Hi Liliana,
Liliana Marie Prikler <liliana.prikler@gmail.com> writes:
Toggle quote (12 lines)
> Hi,
>
> Am Mittwoch, dem 15.01.2025 um 15:48 +0000 schrieb 45mg:
>> The idea of authentication is that once you trust the channel
>> introduction, you can be sure that everything you pull after that is
>> authentic. The introduction only needs to be trusted once. If you're
>> bumping the introduction every time, then you need to obtain and
>> verify the introduction every time. You're going from 'Trust On First
>> Use' to 'Trust On Every Use'. Not ideal IMO.
> Let's recall that the entity you need to trust is still yourself in
> most of those cases.
If you host your repo unauthenticated on a server, you need to fully
trust the server, as well as the connection between you and the server.
Regarding the former, none of the most popular ways to host a git repo
(eg. GitHub, Codeberg, your own forge instance on a VPS) allow you to
know much about the underlying server, so you can't really assume it to
be secure. The latter is a ridiculously complicated topic that I'm not
qualified to go into. To avoid trusting all these intermediaries more
than once if at all, we have authentication.
I realise it may seem silly to worry about your own little fork being
directly targeted in ways like this, but the main reason I chose Guix in
the first place is the focus on getting the fundamentals right -
reproducibility, bootstrappability, free software, etc. - even though
most projects don't put in as much effort towards them, and even though
a lot of users may not be directly affected by these things. I think
security is one such thing. As the 'Authenticate Your Git Checkouts'
blog post [9] pointed out, we wouldn't need `guix git authenticate` if
we were willing to delegate our security to a trusted third party, like
all the open source projects that sport those "fancy “? verified”
badges as found on GitLab and on GitHub" do. We shouldn't force anyone
hosting a fork to do so as well.
Toggle quote (30 lines)
>> You could do it like this:
>> 0) Before creating your fork, authenticate every commit in the Guix
>> checkout (as described in the manual).
>> 1) Switch to your branch that tracks upstream.
>> 2) Pull from upstream.
>> 3) Run `guix git authenticate`, supplying Guix's channel introduction
>> as
>> arguments.
>> 4) After this succeeds, create and switch to a branch from the
>> current
>> tip of your upstream-tracking branch. Edit .guix_authorizations to
>> add your key, and create a signed commit.
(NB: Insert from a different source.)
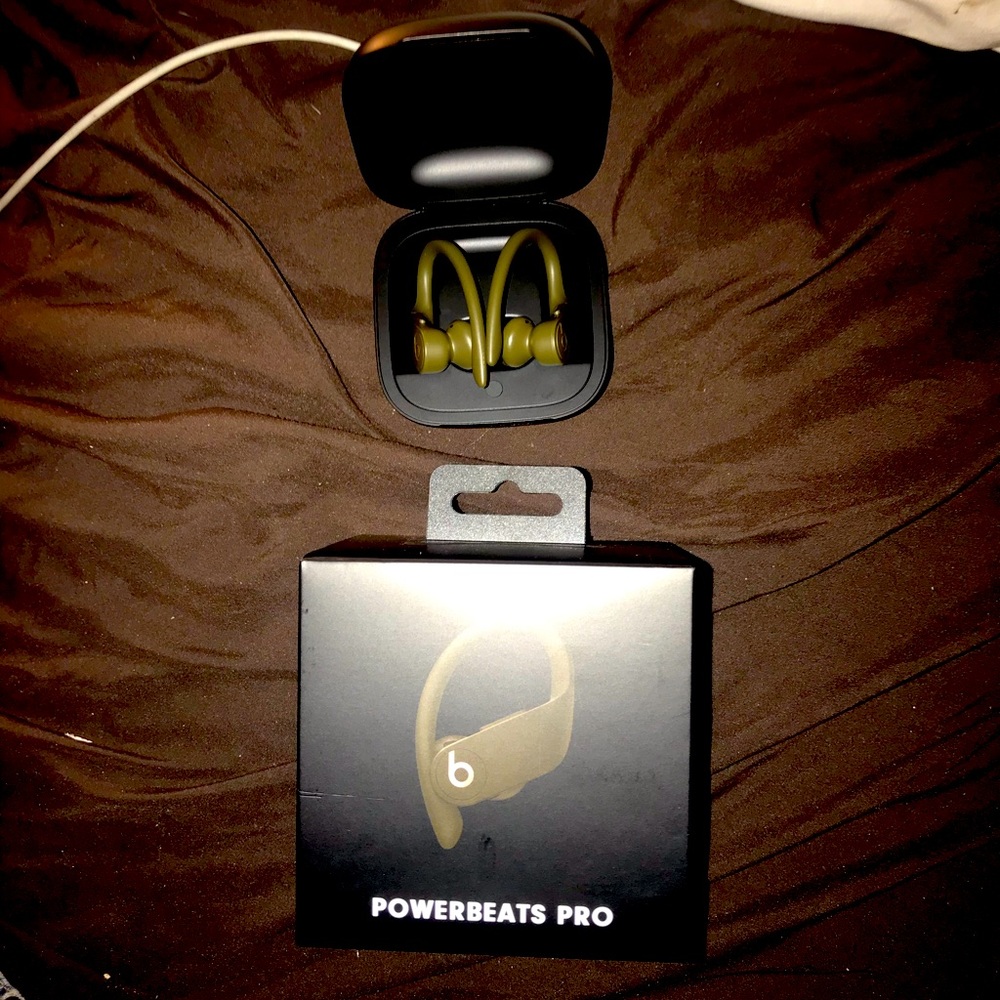 Beats by Dre Powerbeats pros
>> 5) Merge this branch into your fork branch.
>> 6) Switch back to your fork branch.
>> 7) Delete the [guix "authentication"] section from .git/config.
>> 8) Run `guix git authenticate` with the introduction of your fork
>> branch, to authenticate the merge commit.
>>
>> That's a lot of manual steps for every pull from upstream! While I do
>> have to give you credit for this idea - at least we now have a
>> workaround for people who are determined enough - I'm guessing a lot
>> of people will probably just skip authentication if it's going to be
>> this annoying. Authenticating a fresh clone from scratch will be even
>> more annoying, especially if you have multiple fork branches (eg.
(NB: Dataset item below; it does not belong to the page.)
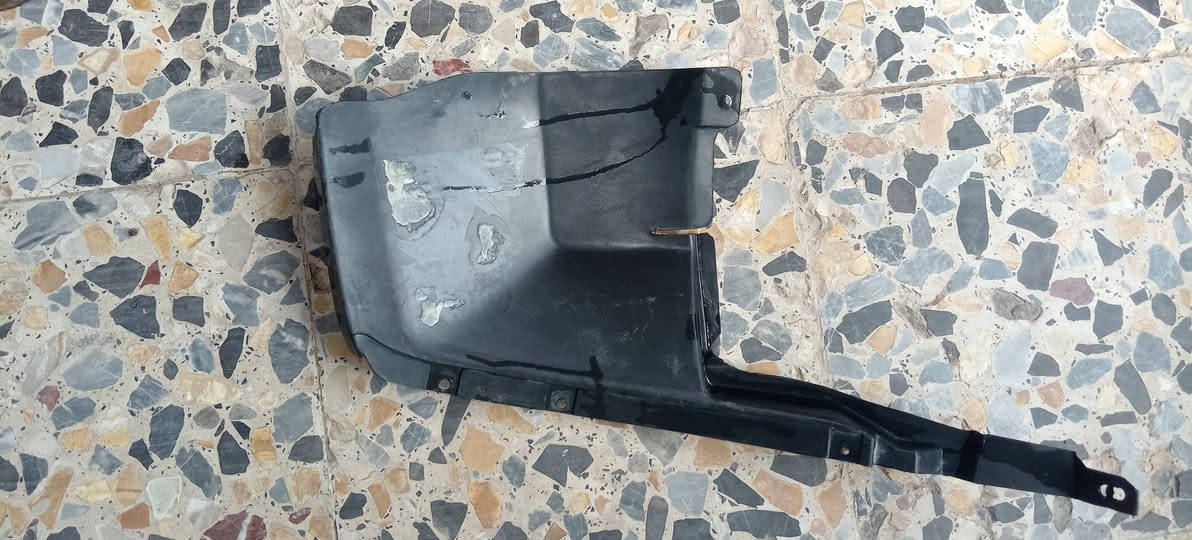 دسكات افيو كوري • بكرة ضاغطة سيراتو • قاعدة فيوزات سيراتو 2006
>> you're tracking someone else's fork).
> I think you're making this more complicated than it needs to be.
> checkout, authenticate, rebase*, merge* ought to have you covered.
>
> * you can authenticate after these if you're paranoid
The complexity is due to the requirements of not bumping the channel
introduction (to avoid the increased attack surface from having to keep
obtaining the updated one, as I discussed earlier), keeping fork history
intact (to avoid force pulls), keeping upstream history intact, and
being able to authenticate both upstream and fork commits. If you can
think of a simpler method that meets these requirements, I'd love to
hear it.
Also, I just realised that this one won't even work. The commit created
in step 4 cannot be authenticated, as it's signed with your key, which
is not in its parent's .guix_authorizations.
Toggle quote (13 lines)
>> We could create a script to do all the steps for us, but if and when
>> it fails on whatever insane edge cases people are able to come up
>> with, they're going to need to understand all the steps involved
>> anyway. Abstraction is not a substitute for a clean underlying
>> design.
>>
>> Also I just want to point out that rebasing /will/ change the
>> history.
>> The `guix pull` after every time you update your fork will need to be
>> a force-pull (--allow-downgrades [1]).
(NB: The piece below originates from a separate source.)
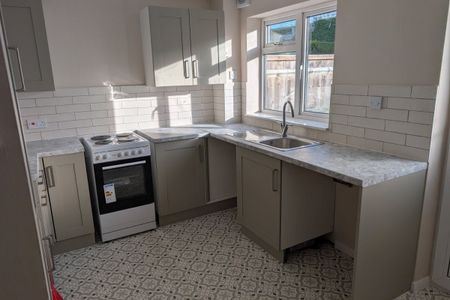 Old Farm, Pitstone, LEIGHTON BUZZARD - Photo 3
> No, it wouldn't. You would rebase those changes on top of what you
> already have on those respective branches.
It looks like at least one of us is misunderstanding rebasing. Could be
me, so I'm consulting the relevant chapter from the Pro Git book [11]
for a refresher.
Let's imagine that the first example given there represents our fork of
Guix, where the 'experiment' branch marks the beginning of our fork (and
its channel introduction) and the 'master' branch tracks upstream Guix.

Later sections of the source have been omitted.